Thursday 22 March 2018

What are the factors that can affect your car loan eligibility

Car loans are very handy for people looking to purchase a new and expensive vehicle. Lenders offer such loans so that you can get the desired car model and brand, even if you are unable to pay for the same in its entirety at that time. However, most lenders check to see whether a person is qualified to get a car loan.

Here are certain factors that affect your car loan eligibility and most of these will be verified by the bank prior to sanctioning the said loan.

1. Income
Your income will determine whether you are eligible for the loan amount you have applied for. People with higher annual income will be offered higher car loans and vice-versa. This is because people who have a greater income are also more likely to pay off  a bigger loan easily. After you apply for the loan, you have to present an evidence of your income, based on which the lenders will decide the loan amount you are eligible for.

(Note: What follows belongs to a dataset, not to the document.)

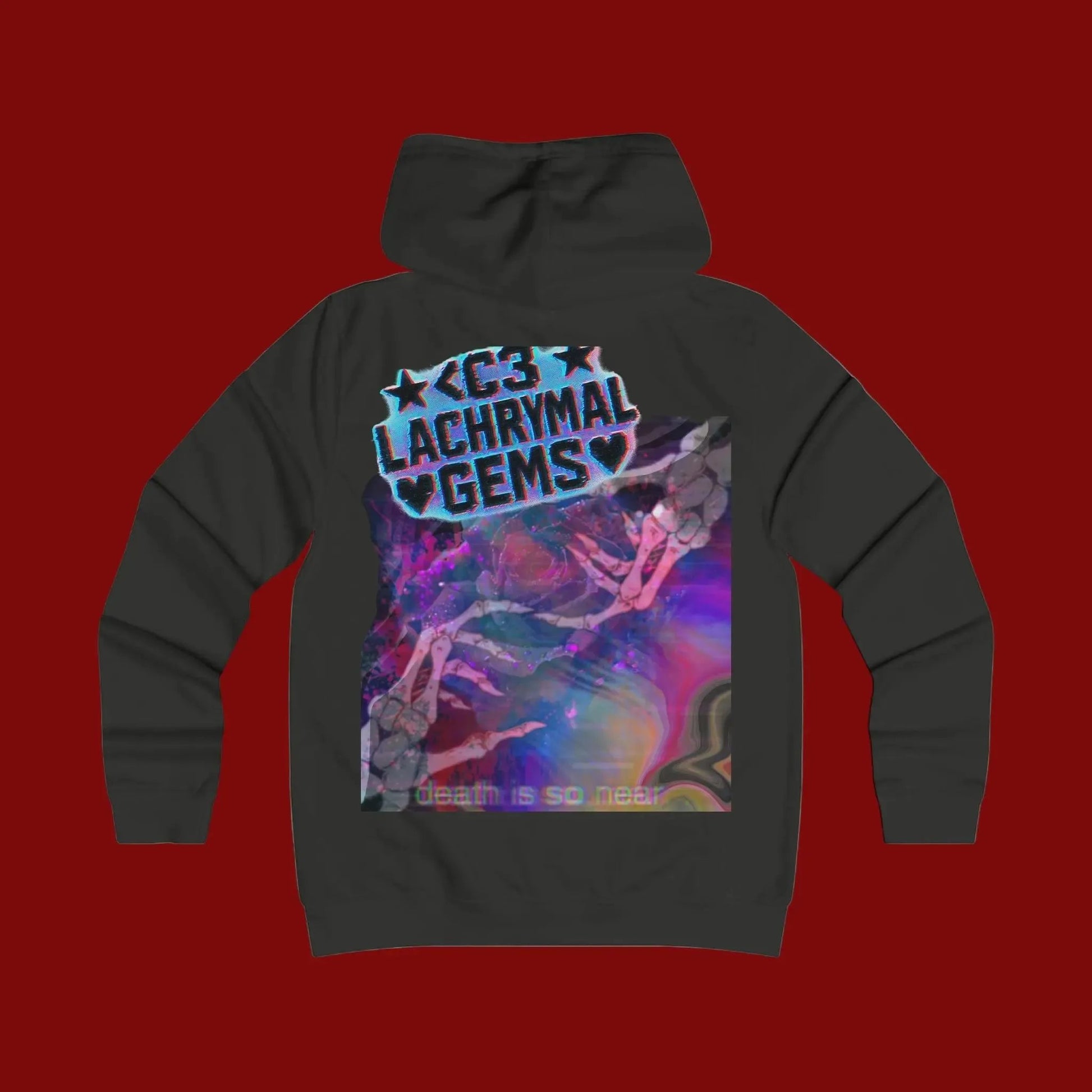Black hoodie with colorful graphic and text on the back against a red background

For salaried employees, the loan may range from anywhere between 2 and 3 times the annual income of that individual. For instance, if you have an income of Rs. 2 Lakhs per annum, you may get up to Rs. 4 Lakhs or Rs. 6 Lakhs as car loan. However, for a self-employed individual, the maximum loan is usually 6 times that of their annual income.

2. Credit score
Credit score is a measurement which quantifies how good you are at repaying loans and credit. This score is created after checking the history of paying off loans and credit card bills. Usually, a score of 750 and above is considered to be good and most banks offer loans to people maintaining such a score. However, if your score is below this level, it may be difficult for you to get the car loan sanctioned.

To improve the score, take small loans from lenders and pay them off in a timely fashion. You can also ensure that your credit card debt is settled on time. Try to maintain the score if you want to get the best offers on car loans. This score is a big factor that determines car loan eligibility.

3. Age
The age matters with most loans and car loans are no different. In case of a car loan, lenders prefer people below the age of 50. This is because people over this age are nearing retirement and may not be able to pay off the loan amount before the tenure runs out.

So, consider these factors prior to your loan application and make sure that all of your documents are in order so that your application gets sanctioned.